God Looks for the Devoted

David Wilkerson (1931-2011)

Israel in the prophet Ezekiel’s day was lewd and proud. Men committed abominations with their neighbors’ wives and even defiled their daughters-in-law. Prophets who had once been holy became backslidden and no longer discerned between the holy and the profane. The nation’s leaders became as ravening wolves, seeking after dishonest gain, shedding blood, speaking lies, and burdening the poor.

Israel forgot God’s ways, and the nation grew so weak and worldly that God made them a laughingstock to the secular world. He said, “…therefore I have made you a reproach to the nations, and a mockery to all countries” (Ezekiel 22:4, NKJV).

What a searing indictment! God was saying to Israel, “You’ve so despised holy things, giving yourselves completely over to lust, that I’m going to take away your witness.”

Ezekiel was an older man at this time, about to pass out of the picture. So how did God deal with the situation? Israel’s fate rested on whether God could find just one reliable, righteous man. He told Ezekiel, “So I sought for a man among them who would make a wall, and stand in the gap before me on behalf of the land, that I should not destroy it; but I found no one” (Ezekiel 22:30).

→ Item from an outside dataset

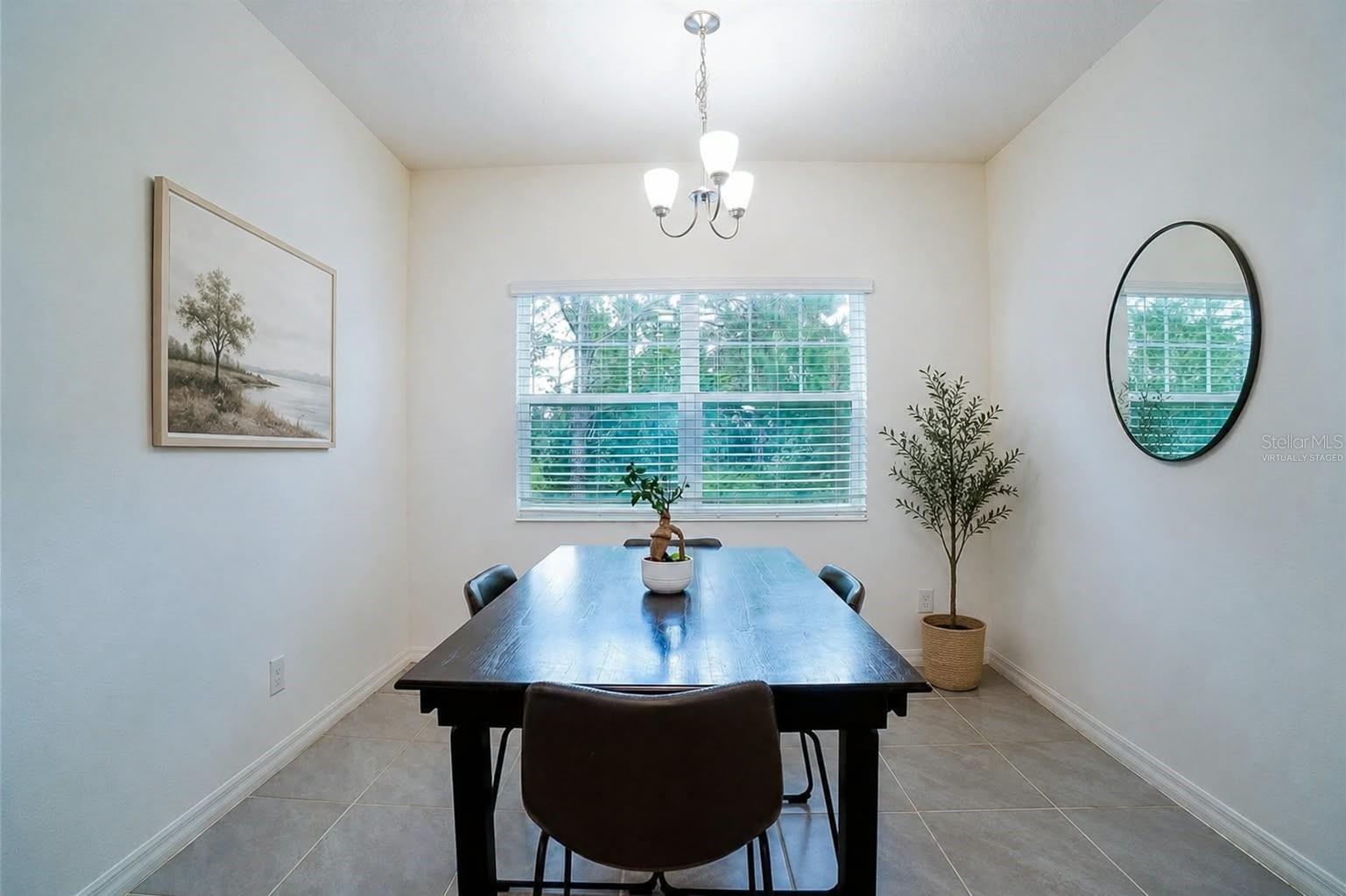 156 Glass Onion Dr Property Photo 8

God said the same thing to the prophet Jeremiah: “Run to and fro through the streets of Jerusalem; see now and know; and seek in her open places if you can find a man, if there is anyone who executes judgment, who seeks the truth, and I will pardon her” (Jeremiah 5:1). He told the prophet, “I’ll pardon the entire nation if I can find just one man who’ll stand in the gap. All I need is a single soul who is wholly yielded to my will.”

Beloved, today we hear a babble of voices in the church crying for more relevant, contemporary ways to reach the world. Many bizarre, fleshly programs are being tried. Yet, in my many years of ministry, I have seen these kinds of programs come and go. They rely totally on appeasing the flesh, having nothing to do with the cross. The crowds they draw live empty, unfulfilled lives, having never been exposed to the gospel of separation from the world and its lusts. The world scoffs at these programs, recognizing them all as mere foolishness. Only a person or a ministry wholly devoted to God will stand as a witness to the world!